* _What the exercise asks_: Output must consist only of the lines of the material below from the one with "ACTA2 Rabbit Polyclonal Antibody" through the one with "[Australia] - 20", each reproduced exactly; no pictures belong in it.

* _Dataset_:
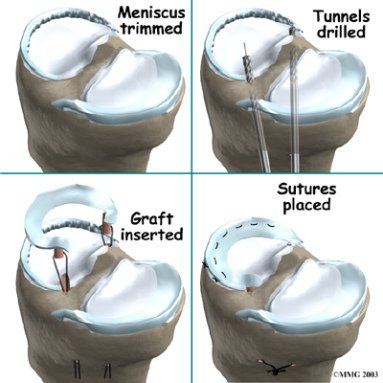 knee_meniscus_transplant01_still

...

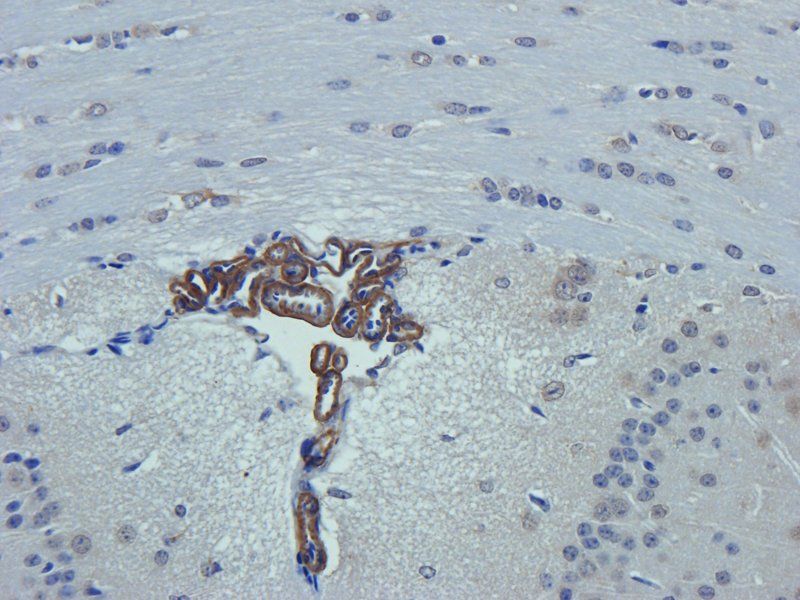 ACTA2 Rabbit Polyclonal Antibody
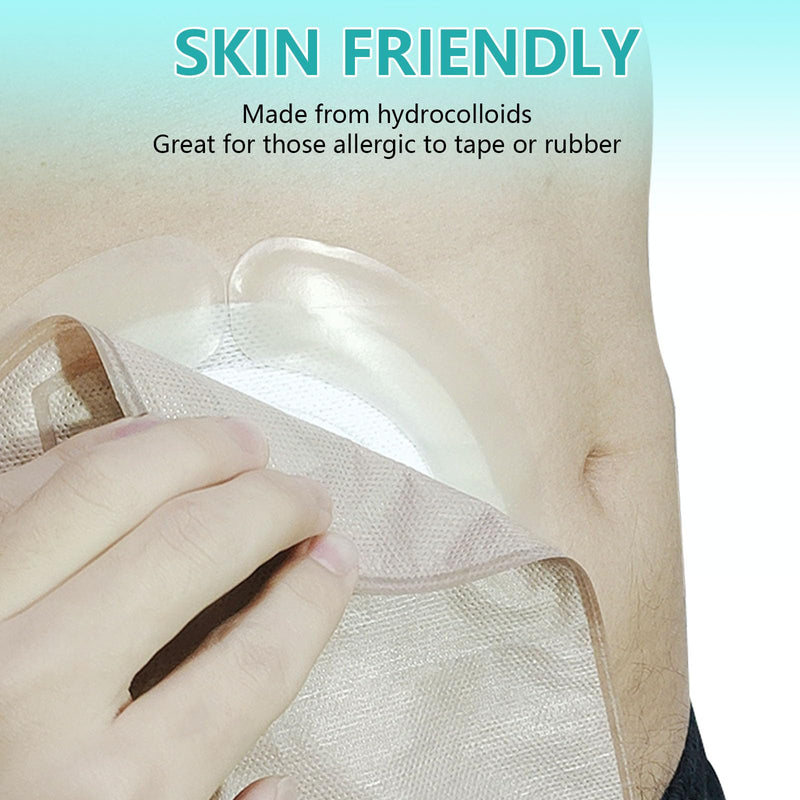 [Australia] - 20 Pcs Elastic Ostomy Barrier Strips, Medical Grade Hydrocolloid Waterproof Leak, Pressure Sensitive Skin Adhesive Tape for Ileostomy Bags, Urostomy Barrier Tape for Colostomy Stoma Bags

* _Answer section_:
 ACTA2 Rabbit Polyclonal Antibody
 [Australia] - 20 Pcs Elastic Ostomy Barrier Strips, Medical Grade Hydrocolloid Waterproof Leak, Pressure Sensitive Skin Adhesive Tape for Ileostomy Bags, Urostomy Barrier Tape for Colostomy Stoma Bags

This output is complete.